**Your task**
Give the listing again exactly as written.

**Supplied records**
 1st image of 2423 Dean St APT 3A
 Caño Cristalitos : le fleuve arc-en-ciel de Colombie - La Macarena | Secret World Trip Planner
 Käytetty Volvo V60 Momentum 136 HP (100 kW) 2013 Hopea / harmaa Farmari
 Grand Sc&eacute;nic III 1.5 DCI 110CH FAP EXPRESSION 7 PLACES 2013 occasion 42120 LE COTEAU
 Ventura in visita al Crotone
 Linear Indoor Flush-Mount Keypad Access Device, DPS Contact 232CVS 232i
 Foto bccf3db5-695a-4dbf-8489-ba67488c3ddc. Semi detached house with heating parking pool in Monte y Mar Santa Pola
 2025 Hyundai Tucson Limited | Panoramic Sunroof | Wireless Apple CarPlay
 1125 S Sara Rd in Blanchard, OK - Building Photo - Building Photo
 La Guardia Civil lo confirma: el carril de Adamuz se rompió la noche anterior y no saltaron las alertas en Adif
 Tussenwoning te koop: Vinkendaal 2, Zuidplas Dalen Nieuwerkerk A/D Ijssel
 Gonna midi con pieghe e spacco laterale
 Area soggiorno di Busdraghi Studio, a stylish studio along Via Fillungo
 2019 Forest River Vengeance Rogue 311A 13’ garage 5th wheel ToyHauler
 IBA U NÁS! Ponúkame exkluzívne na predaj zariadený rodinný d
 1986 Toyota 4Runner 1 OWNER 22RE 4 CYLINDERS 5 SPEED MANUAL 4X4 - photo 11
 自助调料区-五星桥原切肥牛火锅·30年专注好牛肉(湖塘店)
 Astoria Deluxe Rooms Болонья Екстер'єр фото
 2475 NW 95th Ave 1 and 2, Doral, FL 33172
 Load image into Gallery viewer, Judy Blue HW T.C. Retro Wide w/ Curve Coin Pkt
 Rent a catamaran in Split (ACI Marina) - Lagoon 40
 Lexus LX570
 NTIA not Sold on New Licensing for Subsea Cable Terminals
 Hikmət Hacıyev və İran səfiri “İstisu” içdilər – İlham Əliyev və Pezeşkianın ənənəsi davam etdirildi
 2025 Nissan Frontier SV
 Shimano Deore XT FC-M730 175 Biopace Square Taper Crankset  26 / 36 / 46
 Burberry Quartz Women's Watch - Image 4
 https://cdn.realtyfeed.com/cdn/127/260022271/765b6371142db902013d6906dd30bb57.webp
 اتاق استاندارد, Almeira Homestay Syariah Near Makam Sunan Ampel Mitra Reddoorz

**Output of the task**
 1st image of 2423 Dean St APT 3A
 Caño Cristalitos : le fleuve arc-en-ciel de Colombie - La Macarena | Secret World Trip Planner
 Käytetty Volvo V60 Momentum 136 HP (100 kW) 2013 Hopea / harmaa Farmari
 Grand Sc&eacute;nic III 1.5 DCI 110CH FAP EXPRESSION 7 PLACES 2013 occasion 42120 LE COTEAU
 Ventura in visita al Crotone
 Linear Indoor Flush-Mount Keypad Access Device, DPS Contact 232CVS 232i
 Foto bccf3db5-695a-4dbf-8489-ba67488c3ddc. Semi detached house with heating parking pool in Monte y Mar Santa Pola
 2025 Hyundai Tucson Limited | Panoramic Sunroof | Wireless Apple CarPlay
 1125 S Sara Rd in Blanchard, OK - Building Photo - Building Photo
 La Guardia Civil lo confirma: el carril de Adamuz se rompió la noche anterior y no saltaron las alertas en Adif
 Tussenwoning te koop: Vinkendaal 2, Zuidplas Dalen Nieuwerkerk A/D Ijssel
 Gonna midi con pieghe e spacco laterale
 Area soggiorno di Busdraghi Studio, a stylish studio along Via Fillungo
 2019 Forest River Vengeance Rogue 311A 13’ garage 5th wheel ToyHauler
 IBA U NÁS! Ponúkame exkluzívne na predaj zariadený rodinný d
 1986 Toyota 4Runner 1 OWNER 22RE 4 CYLINDERS 5 SPEED MANUAL 4X4 - photo 11
 自助调料区-五星桥原切肥牛火锅·30年专注好牛肉(湖塘店)
 Astoria Deluxe Rooms Болонья Екстер'єр фото
 2475 NW 95th Ave 1 and 2, Doral, FL 33172
 Load image into Gallery viewer, Judy Blue HW T.C. Retro Wide w/ Curve Coin Pkt
 Rent a catamaran in Split (ACI Marina) - Lagoon 40
 Lexus LX570
 NTIA not Sold on New Licensing for Subsea Cable Terminals
 Hikmət Hacıyev və İran səfiri “İstisu” içdilər – İlham Əliyev və Pezeşkianın ənənəsi davam etdirildi
 2025 Nissan Frontier SV
 Shimano Deore XT FC-M730 175 Biopace Square Taper Crankset  26 / 36 / 46
 Burberry Quartz Women's Watch - Image 4
 https://cdn.realtyfeed.com/cdn/127/260022271/765b6371142db902013d6906dd30bb57.webp
 اتاق استاندارد, Almeira Homestay Syariah Near Makam Sunan Ampel Mitra Reddoorz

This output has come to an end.